После неделю батальон гудел в воспоминаниях. Санину вынесли благодарность "за отличное понимание политического момента" — попросту за правильный прием столичных гостей и выдачи им правильной информации. Вышла отличная статья про один из батальонов передовой, с фотографиями бравых солдат. Газету передавали из рук в руки, зачитали до дыр, но даже тогда не пустили на самокрутки.

Двадцать шестого объявили общую тревогу и, батальон сутки ждал наступления немцев, но ничего не произошло. К вечеру объявили отбой и снова, словно ничего не было — тихо и так спокойно, что солдаты, привычные по неделям не спать, не выходить из боя, жить, подтягивая пояса от голода, дурели от сытости, спокойствия и размеренности.

Один раз, когда Лена устроила чтение статей, чтобы занять ребят, шарахнуло прямо у блиндажа — так все только головы повернули, посмотрели, как осыпалась земля. Девушка с пилотки и волос пыль стряхнула, Суслов с плеч, Чаров с газеты и дальше читать начал.

Так прошел май, пришел июнь.

Разведчиков начали чаще посылать на задание. Поползли слухи о наступлении.

Двенадцатого взяли языка. Лена переводила, внимательно слушая, что он говорит. После его отвезли в штаб дивизии, а Санин, Саулин, комбат танкистов, что стояли за спинами батальона, Минаев и Семеновский остались и хмуро разглядывали карту.

Выходило, что немцы все подтягивают и подтягивают силы.

— От бисовы дети! — усмехнулся Аркадий Саулин. — Нам вон, много надо? Неделя — вот тебе три линии обороны, еще неделя — полная комплектация людьми и боеприпасами. Баки под завязку, снарядов по макушку. Короче, две недели и все готовы к бою: и отдохнули и выспались. Дольше отдыхать — разлагаться — бухать и бухать, да Маньку санбатовскую пялить, а больше нечего делать. А этим — везут, везут, копаются, копаются. Тьфу! Все едино, ампер им в дышло, потикают.
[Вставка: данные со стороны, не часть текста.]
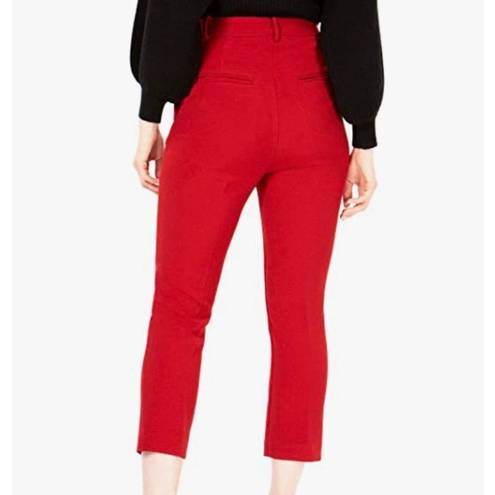 Line and Dot NWT  Rosey Cropped Pants Red sz M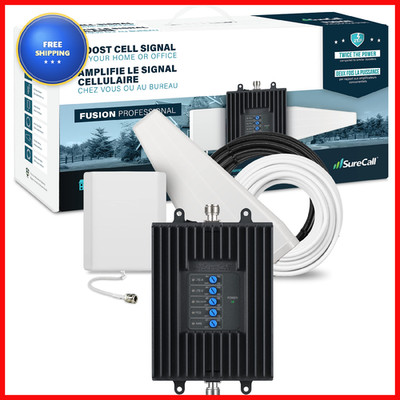 Surecall Fusion Professional Cell Phone Signal Booster Up To 8000 Sq Ft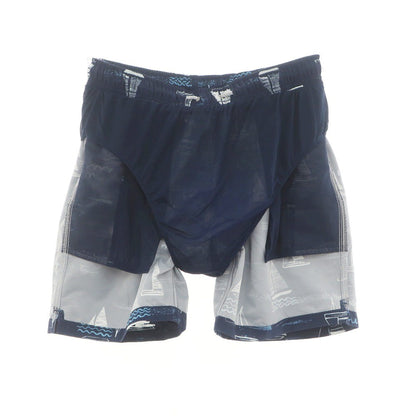 【新品】ブルーミント BLUEMINT ポリエステル 水陸両用 ショートパンツ ネイビー【 M 】【 状態ランクN 】【 メンズ 】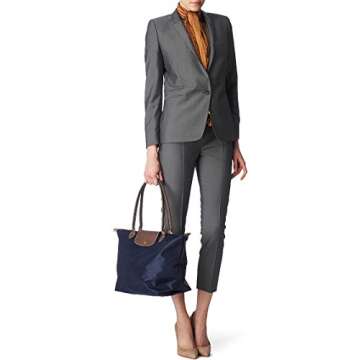 Longchamp Le Pliage Large Folding Tote - Navy Style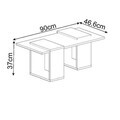 Masuta de cafea, Hanah Home, Matris, 90x37x46.6 cm, PAL, Nuc / Antracit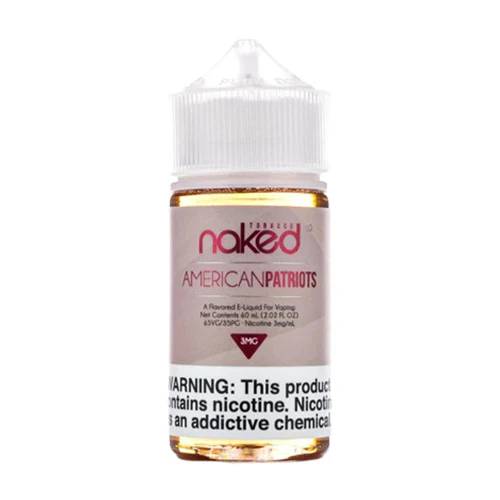 Naked 100 American Patriots Vape Juice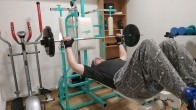 Cvičení s 82 kg.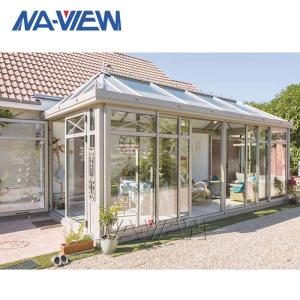 Wholesale Aluminium All Season Sunroom Addition Single Toughened Roof Glass from china suppliers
Прошли те времена, когда они своими моторизованными частями в котлы нас загоняли. Прошли! Теперь мы их, гадюк, до самого победного давить и давить будем!

— Немцы в шахматном порядке выстраиваются, — заметил Санин.

— Хрен на их шахматы с пробором!

— Это понятно, не понятно пока куда попадем, если в наступление пойдем. Здесь-то вот — пустышка, а вот с левого — напротив батальона Авдеева и с правого фланга, как раз напротив Силина, уже серьезные силы сгруппировались. Но у нас по прямой за пустышкой — опять — пехота, гаубицы. Выходит, по уму нам в наступление идти, самое тонкое место рвать.

— Авиация поможет, сравняет! Не сорок первый!

— Ладно, — бросил гадать Николай. — Решать все равно не нам. Завтра наверняка у полковника все соберемся, там расклад и будет ясен.